Apr 13, 2007

The search war is over, Google has won, and I couldn't be happier

It's being widely reported that Google's share of the U.S. search market has climbed yet again.

This data is consistent with two points I've recently found. On the quantitative side, 6 weeks into the initial launch of Carmun, we' see that about 60% of the initial traffic has come from search engines, and of that search traffic close to 95% was delivered from Google search. On the qualitative side, prior to March we conducted numerous formal and informal focus groups at NYU, Tufts and Columbia. Overwhelmingly the students told us that Google was their starting point for Internet discovery. And by overwhelmingly I mean over 95% of these kids used Google exclusively for discovery.

I therefore declare the U.S. search war to be over. Google has won and it is becoming the sole starting point for the delivery of web content and services. It won because it works really well for users and and incremental advances will not matter to users -- those doing to searching.

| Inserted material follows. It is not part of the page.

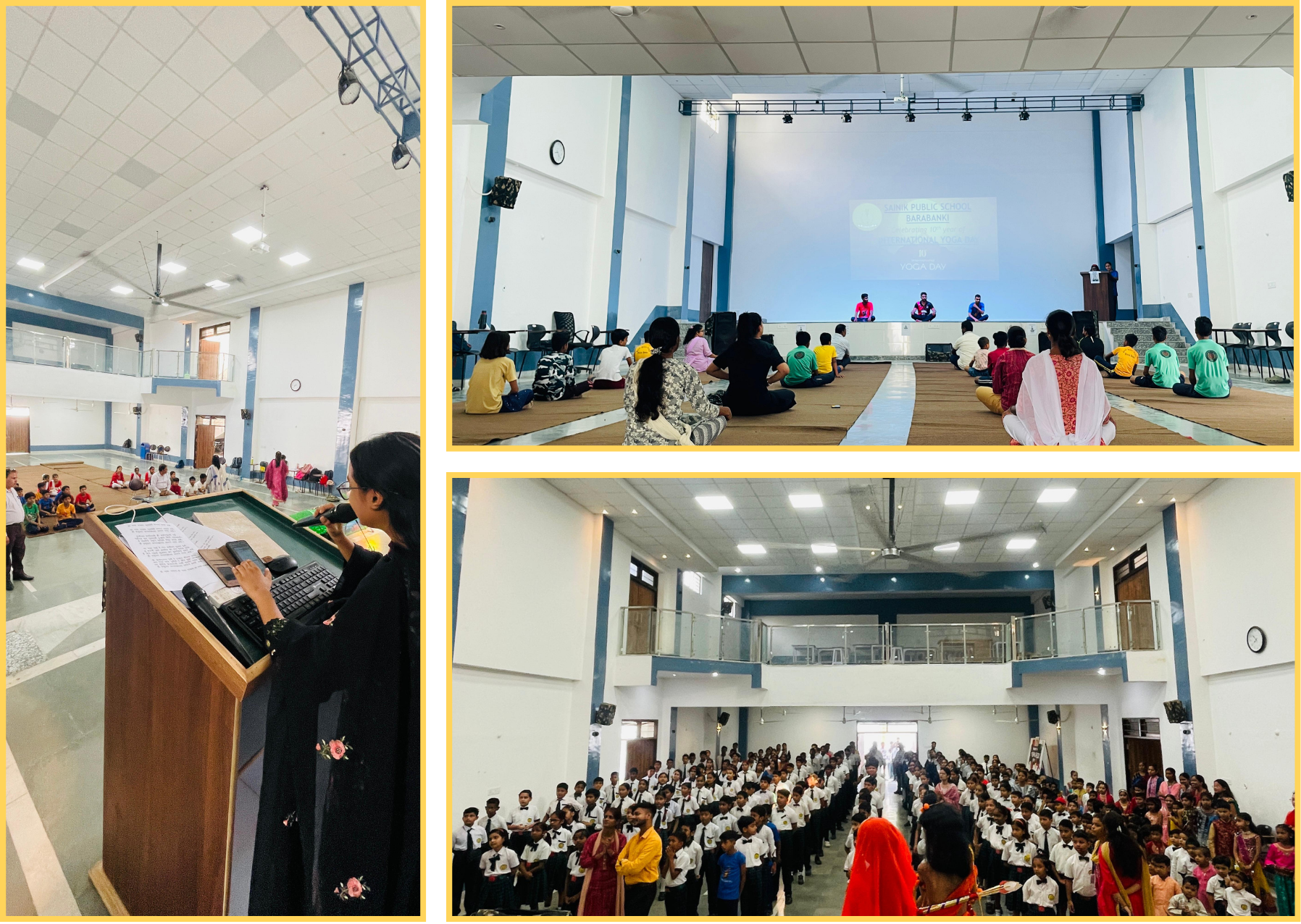 Auditorium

I'm totally thrilled with this development. This makes it that much easier to develop and deliver interesting web services. Google does an amazing job of searching through the raw data that is the web (the web as the database). However it is they do it, they are the best ever at providing relevance to search.

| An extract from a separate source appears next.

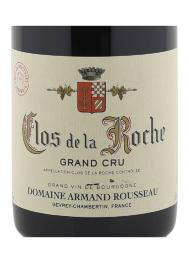 Armand Rousseau Clos de la Roche Grand Cru 2016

But Google does not provide context to search. And that is a vast, huge opportunity, because I believe the next stage of search innovation is about providing context on top of and utilizing Google's dominance relevance. Kind of like adding an application layer called Context on top of Google.

For example, in searching for a hotel in Puerto Rico, one of the top results is from tripadvisor, which delivers ratings, reviews, deals and related information to that search. In other words, it provides a layer of context on top of the original Google search.

Similarly, searching for Mud Coffee in New York (the best coffee there is), brings me results from yelp, 23 reviews, maps and a community. Again, context.

Finally, someone interested in Arthurian legends who searches for a summary of Lancelot and Guinevere might find their way to this project list on Carmun, where a user has put together their own compendium of 38 works related to this subject, with ratings, reviews, groups and a way to locate a work at a university library.

These three examples of context on top of Google results are powerful because they demonstrate the richness and variety that web applications can add to raw indexed data. Having one provider who excels at indexing that data and making it searchable, and having that provider deliver the vast majority of searches, actually makes it easier and more efficient for us service providers to add innovation -- context -- on top of the search.

For that reason I am thrilled that Google has won the search war.


Anonymous said...

Yep, everything that is going to be invented has been invented, theres nothing left to do. we can all just turn off our computers and go back to the real world now.